August 2005 - Balasundar danced away to win the first prize at the ‘Children’s Mela’ held recently to celebrate the Independence Day of India. He performed blindfolded, but never once missed his step, or the beat! In Vellapalam (Tamil Nadu), a coastal fishing village close to Nagapattinam, Balasundar’s talent in art, music and dance, is visible to his friends, family and teachers. What makes this year’s Independence Day particularly special for this thirteen-year-old is that it marks his return to school after a year away from books and classroom, from classmates and games.
When his mother hurt her leg and found it difficult to manage the housework and small children, Balasundar was taken out of school to help in household chores such as cooking, caring for the babies, carrying water, cleaning fish and cutting vegetables.

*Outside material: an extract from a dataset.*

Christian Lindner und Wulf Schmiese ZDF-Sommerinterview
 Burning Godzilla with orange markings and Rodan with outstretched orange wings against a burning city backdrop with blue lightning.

Vellapalam is one of the fifty-three villages affected by the tsunami in December 2004, whose children are familiar with the hardships faced by the fishing community. Even before the disaster struck, their lives were often thrown into turmoil by illness and poverty. Balasundar, the eldest in his family, has a younger brother and five younger sisters. A sixth sister perished in the tsunami. When his mother hurt her leg and found it difficult to manage the housework and small children, Balasundar was taken out of school to help in household chores such as cooking, caring for the babies, carrying water, cleaning fish and cutting vegetables. His younger brother Dhanasekhar was taken out of school too, to accompany his father on the fishing boats.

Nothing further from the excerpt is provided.